WHAT TO WORK ON | From the line that includes "this 845×633 image." to the last line of the data, quote each line precisely; both boundary lines belong in the answer.

[Opening DATA FOR THE TASK section]

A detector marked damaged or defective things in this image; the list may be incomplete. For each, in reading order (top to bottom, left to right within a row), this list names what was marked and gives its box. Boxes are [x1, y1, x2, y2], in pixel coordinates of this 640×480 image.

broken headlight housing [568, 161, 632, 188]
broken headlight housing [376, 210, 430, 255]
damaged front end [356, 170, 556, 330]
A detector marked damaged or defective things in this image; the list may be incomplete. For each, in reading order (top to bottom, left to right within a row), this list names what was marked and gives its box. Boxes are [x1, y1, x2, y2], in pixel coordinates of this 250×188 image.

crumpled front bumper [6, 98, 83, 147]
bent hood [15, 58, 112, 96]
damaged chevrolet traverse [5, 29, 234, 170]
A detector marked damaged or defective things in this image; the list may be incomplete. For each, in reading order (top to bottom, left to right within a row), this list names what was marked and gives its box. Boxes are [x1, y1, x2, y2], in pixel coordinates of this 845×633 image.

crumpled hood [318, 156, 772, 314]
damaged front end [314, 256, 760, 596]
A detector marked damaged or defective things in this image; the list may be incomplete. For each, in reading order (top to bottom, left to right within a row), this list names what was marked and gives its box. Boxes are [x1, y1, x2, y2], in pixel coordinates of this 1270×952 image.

[Closing DATA FOR THE TASK section]

COMPLETED TASK |
A detector marked damaged or defective things in this image; the list may be incomplete. For each, in reading order (top to bottom, left to right within a row), this list names what was marked and gives its box. Boxes are [x1, y1, x2, y2], in pixel coordinates of this 845×633 image.

crumpled hood [318, 156, 772, 314]
damaged front end [314, 256, 760, 596]
A detector marked damaged or defective things in this image; the list may be incomplete. For each, in reading order (top to bottom, left to right within a row), this list names what was marked and gives its box. Boxes are [x1, y1, x2, y2], in pixel coordinates of this 1270×952 image.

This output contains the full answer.